Postmasters were appointed by the president in those days. That was a massive number of political appointments It’s why presidents were besieged by office seekers. Under the Democrats postmasters could forbid the spreading of abolitionist materials through the mails. That policy could have been changed by Lincoln, and since the mails were the main means of spreading opinion beyond the immediate area, this would be a major change. You say that the post office was the only way most people experienced government, but then conjure up some powerful government strangling the South. There’s a contradiction there. In any case, control of the post office was important in the arguments over slavery.

I'm well aware of the spoils system. There weren't enough postmaster jobs for anybody to build a political machine that would have influence in an entire region base on that relatively small number of jobs. The post office was the only direct interaction most people had with the federal government. They did not see the tariff collectors at the ports of entry. They didn't travel more than 20 miles from their homes in most cases. They therefore did not see a federal official who was making them get less from the wholesaler for their goods or who saw them be able to sell less of their cotton or tobacco or other crop. They did not see the official who made all the manufactured goods they needed become more expensive. Yet it was the federal government making that happen via its tariff and trade policy as they well knew. So no, there was no contradiction.

You set up a straw man of “it was all about slavery” to prop up your “it was about tariffs” doll or puppet, but totally ignore the emotions of the time.

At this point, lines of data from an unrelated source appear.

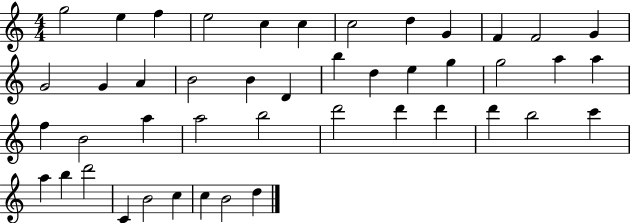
{
  \clef treble
  \numericTimeSignature
  \time 4/4
  \key c \major
  g''2 e''4 f''4 | e''2 c''4 c''4 | c''2 d''4 g'4 | f'4 f'2 g'4 | \break g'2 g'4 a'4 | b'2 b'4 d'4 | b''4 d''4 e''4 g''4 | g''2 a''4 a''4 | \break f''4 b'2 a''4 | a''2 b''2 | d'''2 d'''4 d'''4 | d'''4 b''2 c'''4 | \break a''4 b''4 d'''2 | c'4 b'2 c''4 | c''4 b'2 d''4 | \bar "|."
}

The "all about slavery" myth is no strawman. That is literally what the PC Revisionists argue.

John Brown’s actions had raised the possibility of a slave uprising.

Had it? No slaves rose up to join him. What it showed was not only that there were bloodthirsty Northern fanatics who literally wanted them dead. It also showed Southerners that these terrorists enjoyed widespread sympathy and support in places like Massachusetts and the government there refused to bring them to justice. Imagine if we found that prominent Saudis had openly financed the 911 terrorists and the government of Saudi Arabia refused to bring them to justice or extradite them. That was how Southerners now viewed New England in particular.....not that there would be an imminent slave uprising but that these people were not merely political opponents but actual enemies who were trying to do them harm.

Texans were convinced that prairie wildfires had been set by abolitionists. Secessionists in the Deep South were convinced that Republicans would find a way to take away their slaves or inspire them to revolt. There were many slaveowning families in the Cotton States and they controlled the governments of those states.

Woah! That last point is one the PCers have always claimed and it was always false. Certainly the landed elites had a lot of influence. They did not however control the governments of those states by themselves. They could not get elected nor act without popular support. The vast majority of White Southerners did not own any slaves. And no, they weren't shoeless, toothless, illiterates easily led around by their noses either. That is another ridiculous trope the PCers trot out in support of their bogus claims that the Southern states were some kind of slaveocracy.

They saw how slavery was fading away in Delaware and Maryland and feared that anti-slavery feeling might spread southward.

You repeat this claim yet I haven't seen this thought widely expressed in all my readings of the the events and the politics leading up to the war.

Even if emancipation was far down the road, the rise of an anti-slavery or non-slavery party like the Republicans in the slave states, built up around federal judges, marshalls, customs officials, and postmasters, terrified those in power in the South. They weren’t in the mood for a two party system if slavery was to be the dividing issue. They had convinced themselves that if Republicans held the White House and Congress, it would threaten their “institutions” and their way of life.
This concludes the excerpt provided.